A significant portion of today's public conversation includes questions, opinions, and the implications of the police's role in society. Information should be liberating, eye-opening, and objective. We noticed that a lot of people are restricted in outlook by their close communities. We hope to break that bubble and more generally, give a bigger picture of the ongoing conversation that is not skewed and tries to bring out the positives, negatives, and the neutral perspectives on the issue.
What it does
A public dashboard backed with an elaborate sentiment analyzer parsing a Twitter stream to understand public temparaments about the Police in the United States based on state.
How we built it
A twitter Stream is periodically opened for each state and tweets are monitored for the presence of police related keywords. We then try to understand if the sentiments pertain to the Police force. We do this using Stanford CoreNLP's library to perform Parts of Speech(POS) and intersectionality analysis on the data. If we are satisfied that the tweet is an opinion on cops, we go ahead and perform sentiment analysis using Microsoft's Text-Analytics Cognitive Service. We then feed this to a MongoDB database which maintains a window of recent tweets, and latest example tweets for each category. The dashboard is a minimalistic interface where you can view a choropleth map of the USA and running average positive, negative, and neutral sentiments for every state. Our website seamlessly provides a one-stop solution to more insights on the broader geographical region of the USA. Sample tweets are displayed on the website for each category - positive, negative, neutral - sentiments pertaining to the subject of the police force. This way, people can easily find the trends
Challenges we ran into
This was the first time for all of us to be working with NLP. Understanding concepts of Linguistics was something new and eye-opening. Microsoft's Azure Sentiment Analysis can give a sentiment score for any type of sentence. Many tweets about the police tend to be neutral but skewed to positive or negative from a plain language level. We focused on trying our best to consider sentiments with the police as the subject. Our novelty includes Parts of Speech(POS) analysis and keyword dependency. We also tried Azure's Opinion Mining service to improve accuracy but experiments showed that most tweets are very short and unstructured to apply this technology. We referred the methods used in the study here https://www.ncjrs.gov/pdffiles1/nij/grants/205619.pdf to guide us in building a more intelligent solution.

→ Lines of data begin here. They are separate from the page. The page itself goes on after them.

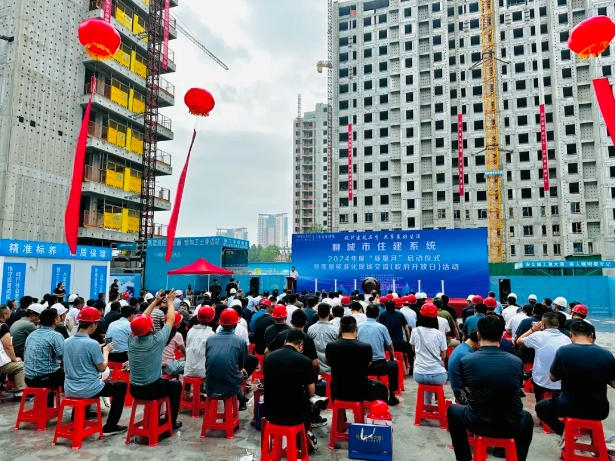 好評如潮！久諾攜超耐久產品體係亮相山東省聊城市住建係統品質觀摩會及產品推廣會！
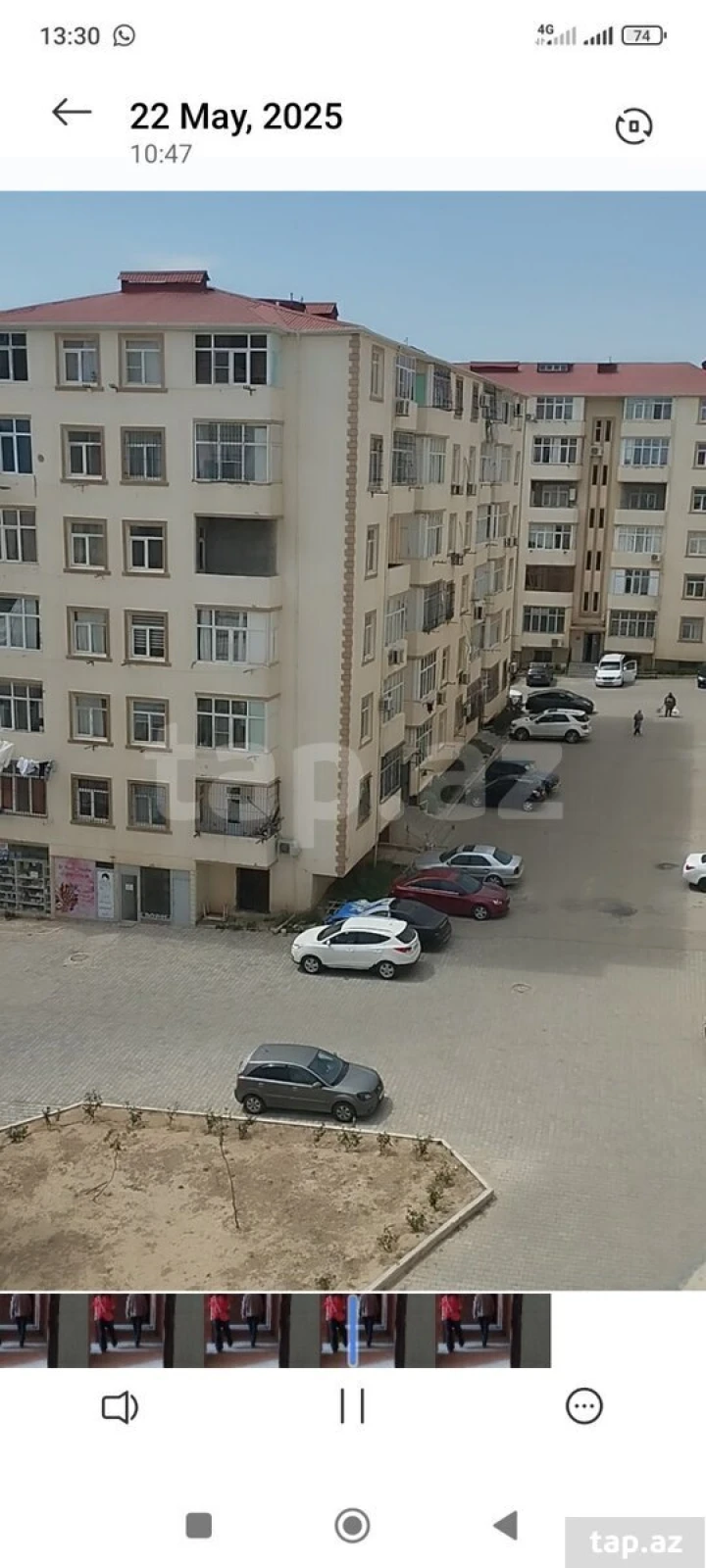 Satılır 3 otaqlı yeni tikili 83 m²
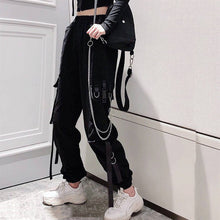 Load image into Gallery viewer, Loose Streetwear Cargo Pants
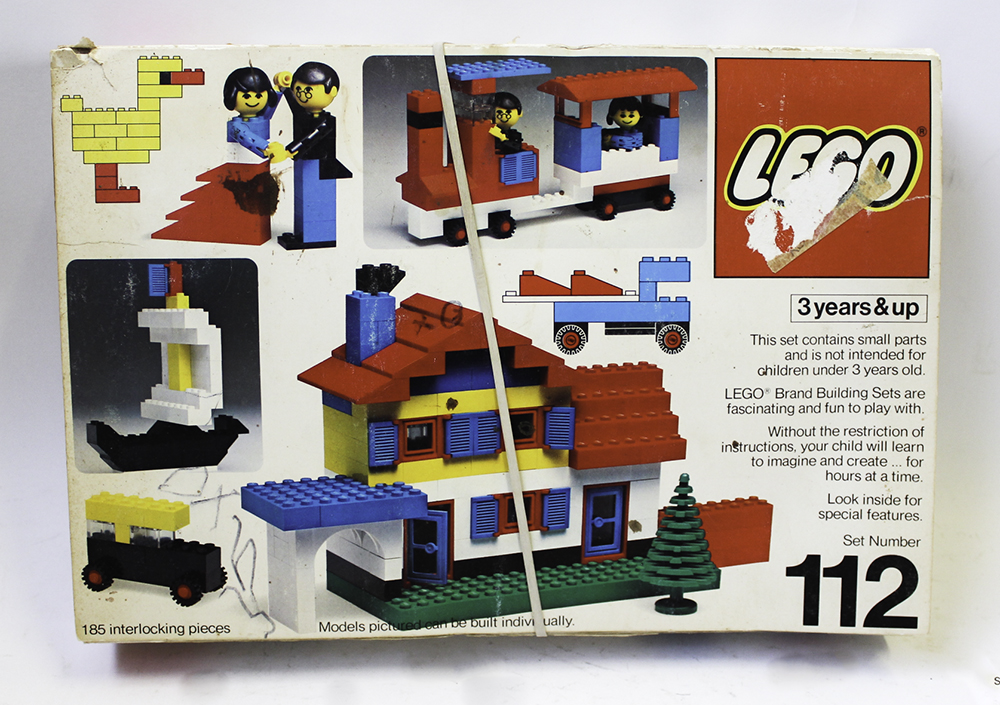 Vintage 1970s Lego Sets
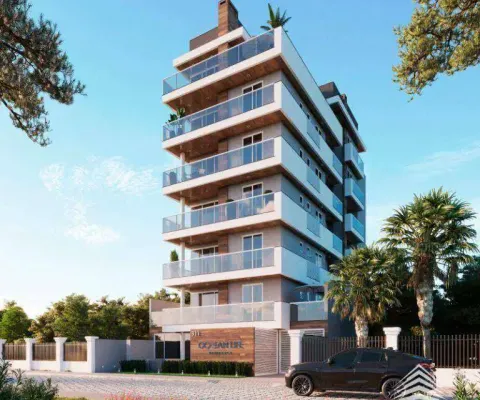 Cobertura com 3 dormitórios à venda, 224 m² por r$ 2.051.434,20 - gaivotas - matinhos/pr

Another Major challenge was getting location specific information on these sentiments. Most Tweets do not contain a geotag. For this we basically searched by each state with bounding boxes/circular search regions, to analyze location specific tweets. A following challenge was that we could not filter tweepy streams with more both location and keyword. For this sake, we implemented a loop we basically spends time analyzing tweets from each state, checks if its cop related, and analyzes that then.
We thought of trying to train a model to help classify better but we did not have enough data and the Twitter API rate limits were not big enough for the purpose. We also did not want to break Twitter's policy by attempting to using a Twitter scraping library.
Accomplishments that we're proud of
Worked with NLP for the first time. We are still amazed by how far we came along. Proud to have worked with the Parts of Speech and keyword intersection NLP methods to intelligently tackle a problem. Proud of being able to hack our way around geolocation challenges, streaming challenges. Proud to apply Twitter technology for the good.
What we learned
Natural Language Processing - caveats and techniques MongoDB database Flask Twitter API
What's next for CopSense
Improving on the NLP architecture, studying more about ongoing research in the same sector and try to implement additional techniques.